This one is a serious remodel, to include moving walls and fixtures, tiling multiple rooms/surfaces, and a complete fabrication of a shower.
After.
Before, from the bedroom. Here is a typical 1970s 2x16 closet. And the curious thing was the huge amount of unused space at the end of the bed in the master.
And the master bath had only 30 sf, with about 32" for the toilet.
And a mere 2 ft vanity.
And the guest bath had 50 sf
And a double vanity.
We spent five hours trying to reconfigure things to get better use out of the space.
While the owners was in Moab for the week, we hurriedly moved the wall in on the second bath after removing one of the sinks and set the bath up for use while gutting and rebuilding the master bath.

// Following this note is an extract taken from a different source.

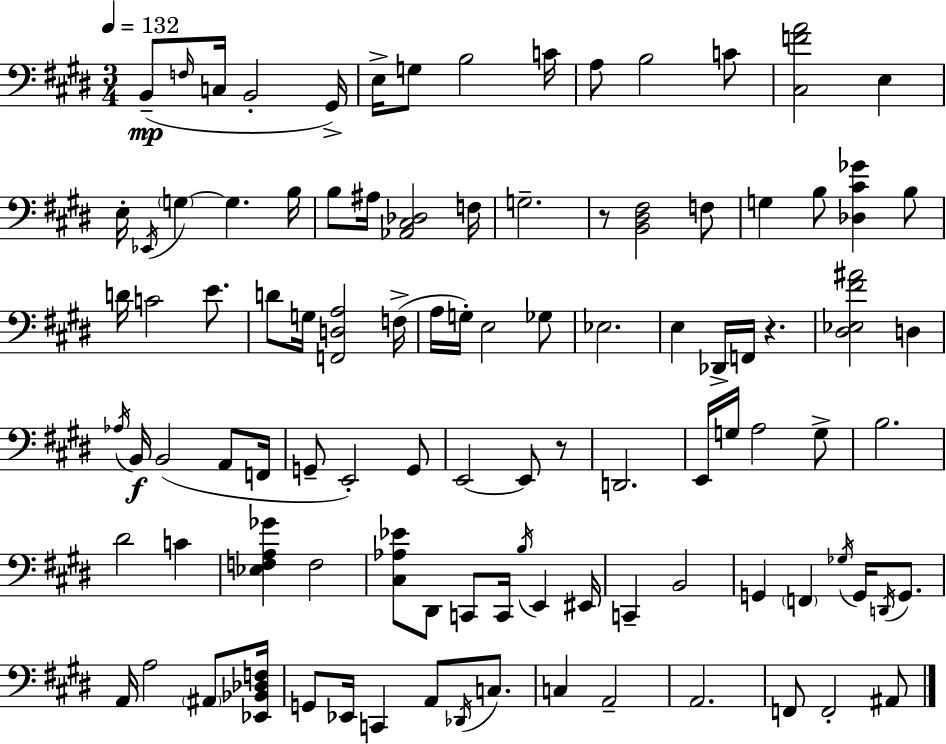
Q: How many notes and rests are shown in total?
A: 101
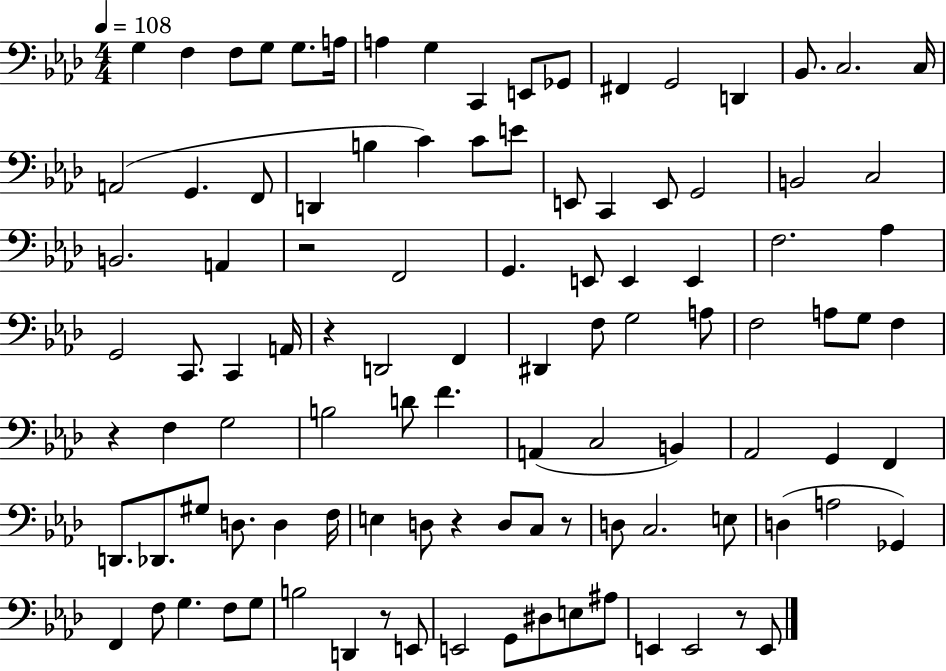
G3/q F3/q F3/e G3/e G3/e. A3/s A3/q G3/q C2/q E2/e Gb2/e F#2/q G2/h D2/q Bb2/e. C3/h. C3/s A2/h G2/q. F2/e D2/q B3/q C4/q C4/e E4/e E2/e C2/q E2/e G2/h B2/h C3/h B2/h. A2/q R/h F2/h G2/q. E2/e E2/q E2/q F3/h. Ab3/q G2/h C2/e. C2/q A2/s R/q D2/h F2/q D#2/q F3/e G3/h A3/e F3/h A3/e G3/e F3/q R/q F3/q G3/h B3/h D4/e F4/q. A2/q C3/h B2/q Ab2/h G2/q F2/q D2/e. Db2/e. G#3/e D3/e. D3/q F3/s E3/q D3/e R/q D3/e C3/e R/e D3/e C3/h. E3/e D3/q A3/h Gb2/q F2/q F3/e G3/q. F3/e G3/e B3/h D2/q R/e E2/e E2/h G2/e D#3/e E3/e A#3/e E2/q E2/h R/e E2/e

Here we knocked out the wall at the back of the closet and will move it a foot into the second bath, whose dimensions will now be set.
Demolition for the whole project fit in the back of my old F150. Just one load.

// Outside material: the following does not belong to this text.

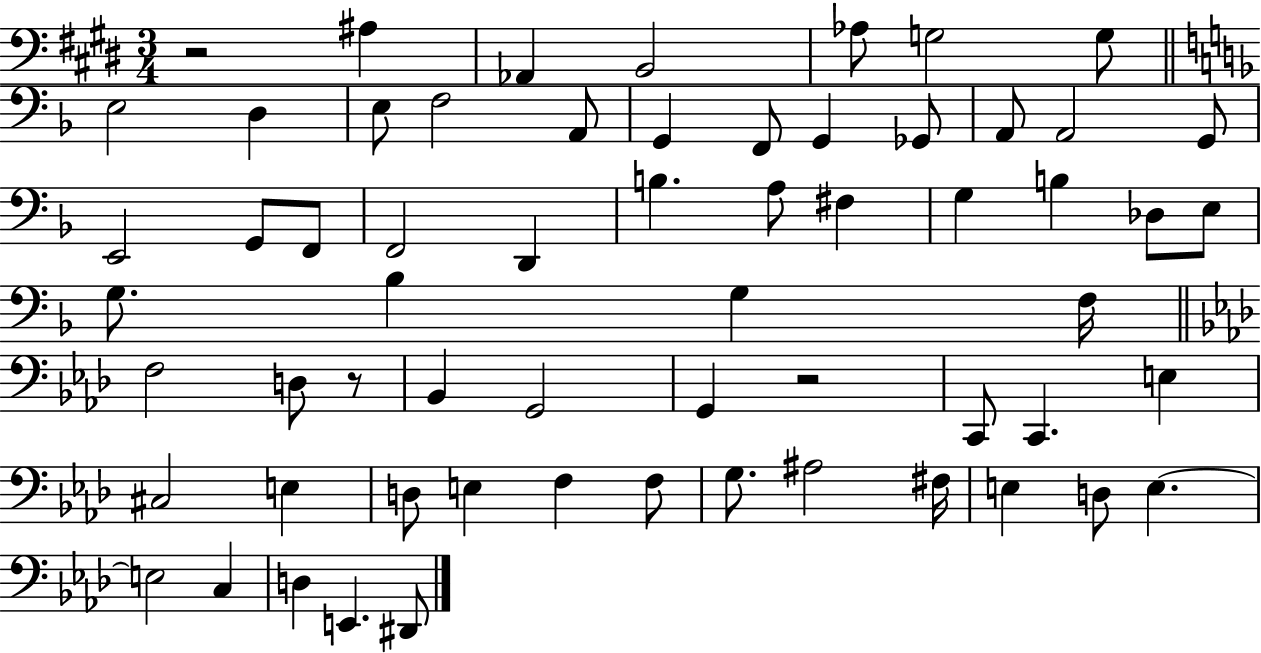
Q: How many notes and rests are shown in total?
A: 62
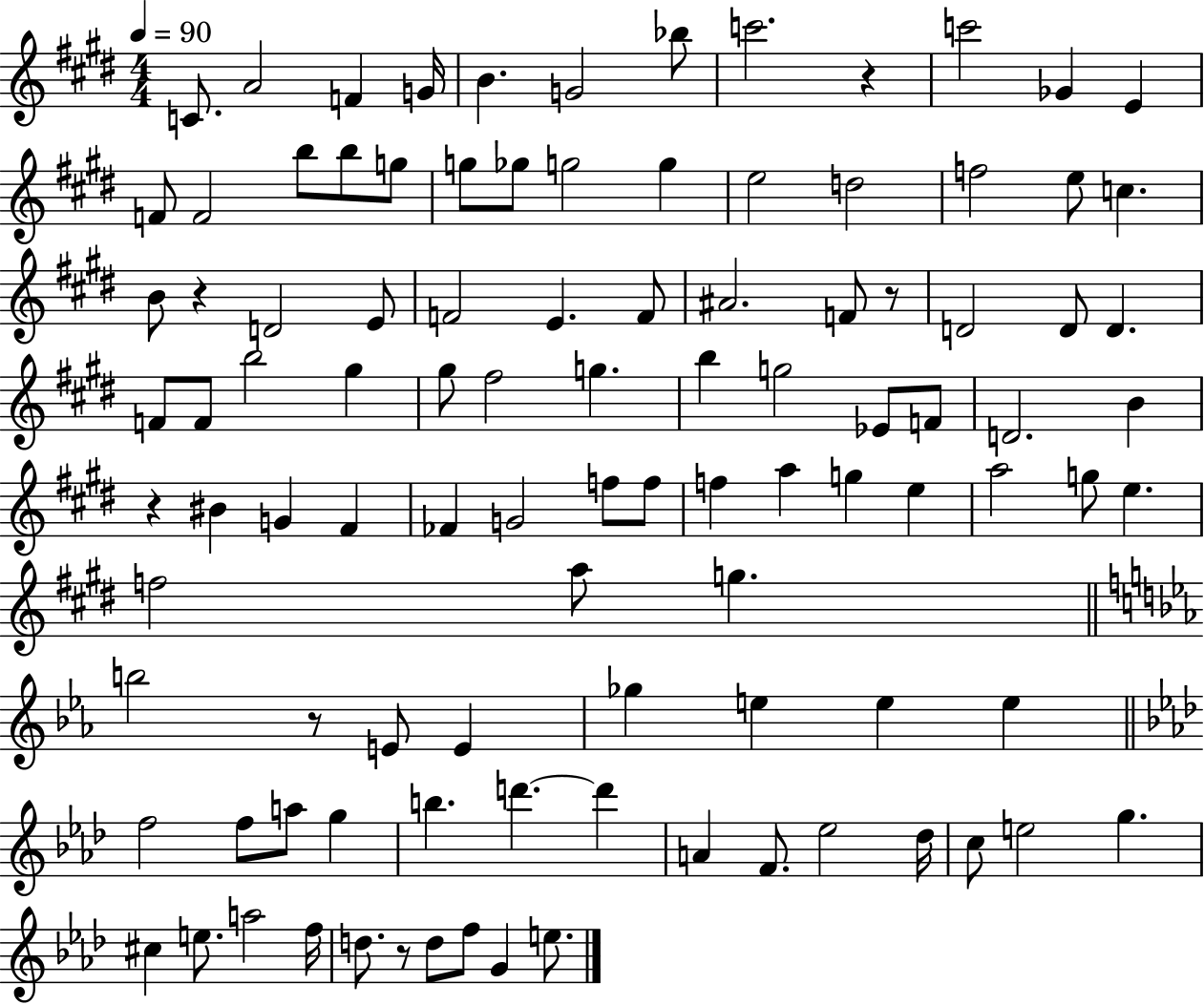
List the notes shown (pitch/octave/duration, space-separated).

C4/e. A4/h F4/q G4/s B4/q. G4/h Bb5/e C6/h. R/q C6/h Gb4/q E4/q F4/e F4/h B5/e B5/e G5/e G5/e Gb5/e G5/h G5/q E5/h D5/h F5/h E5/e C5/q. B4/e R/q D4/h E4/e F4/h E4/q. F4/e A#4/h. F4/e R/e D4/h D4/e D4/q. F4/e F4/e B5/h G#5/q G#5/e F#5/h G5/q. B5/q G5/h Eb4/e F4/e D4/h. B4/q R/q BIS4/q G4/q F#4/q FES4/q G4/h F5/e F5/e F5/q A5/q G5/q E5/q A5/h G5/e E5/q. F5/h A5/e G5/q. B5/h R/e E4/e E4/q Gb5/q E5/q E5/q E5/q F5/h F5/e A5/e G5/q B5/q. D6/q. D6/q A4/q F4/e. Eb5/h Db5/s C5/e E5/h G5/q. C#5/q E5/e. A5/h F5/s D5/e. R/e D5/e F5/e G4/q E5/e.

Wall between the bedroom closet and the second bath is temporarily gone. Closet wall is gone too.
The closet has morphed from 2x8 to 5 deep by 6 wide. We did a full size mockup in order to test whether a 5x5 closet could work as a walk in. It couldn't. Minimum 6 ft wide required. So we went back to the drawing board to find 5 sf somewhere in the plan. It took a while but this is our final solution. And it worked.

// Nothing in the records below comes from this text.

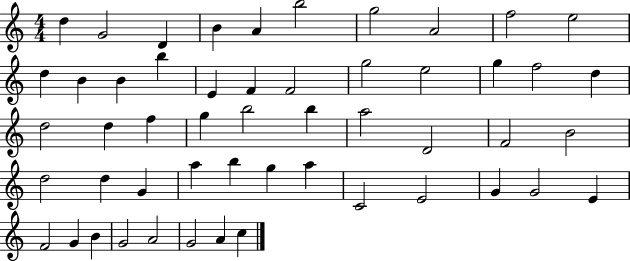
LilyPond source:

{
  \clef treble
  \numericTimeSignature
  \time 4/4
  \key c \major
  d''4 g'2 d'4 | b'4 a'4 b''2 | g''2 a'2 | f''2 e''2 | \break d''4 b'4 b'4 b''4 | e'4 f'4 f'2 | g''2 e''2 | g''4 f''2 d''4 | \break d''2 d''4 f''4 | g''4 b''2 b''4 | a''2 d'2 | f'2 b'2 | \break d''2 d''4 g'4 | a''4 b''4 g''4 a''4 | c'2 e'2 | g'4 g'2 e'4 | \break f'2 g'4 b'4 | g'2 a'2 | g'2 a'4 c''4 | \bar "|."
}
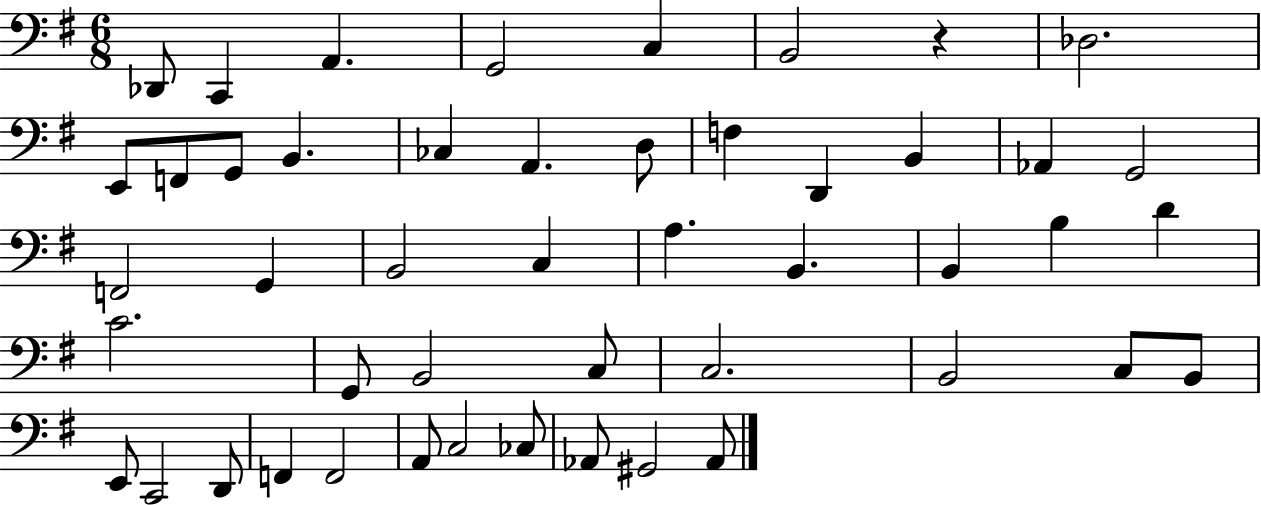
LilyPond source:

{
  \clef bass
  \numericTimeSignature
  \time 6/8
  \key g \major
  des,8 c,4 a,4. | g,2 c4 | b,2 r4 | des2. | \break e,8 f,8 g,8 b,4. | ces4 a,4. d8 | f4 d,4 b,4 | aes,4 g,2 | \break f,2 g,4 | b,2 c4 | a4. b,4. | b,4 b4 d'4 | \break c'2. | g,8 b,2 c8 | c2. | b,2 c8 b,8 | \break e,8 c,2 d,8 | f,4 f,2 | a,8 c2 ces8 | aes,8 gis,2 aes,8 | \break \bar "|."
}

Now we have room for a much larger no-door shower. And since the room is still small, we chose to make it seem larger by cutting a notch out of the shower wall so visibility into the shower and from the shower into the rest of the bath will make the room seem larger.
Here is the underlying rubber gasket for the packed sand shower floor.
Corners folded up for no leakage.
The packed sand installed. It's actually concrete that won't shrink as it cures. Graded gracefully (1/4" per ft) to the center drain.
Wonderboard installed so all of the tile has 1/2" of concrete backing for solidity.
Two nooks for shower necssities. Keeps the shower looking clutter free from the outside.
The floor is now tiles, after a complete layer of Red Guard has been applied to provide the second impermeable layer in the shower.
A corner seat -- quartz from Granite Concepts in Lewiston -- was added because the customer seems to be in a cast or boot about a quarter of every year. Nicely smoothed on the edge.
Electric floor heat mat. I put one of these in just about every bathhroom now.
Concrete poured on the electric heat mat. And tile being laid out for look.
The floor heat thermostat is in and working.
Tile laid on the floor. Grout next.
The finished bath with new vanity.
Nice new low flow toilet. These are practically free now with the rebate.
And the glass for the shower wall is installed. Nice and open, yet clean looking.
The second bath used similar tile in a slightly different pattern.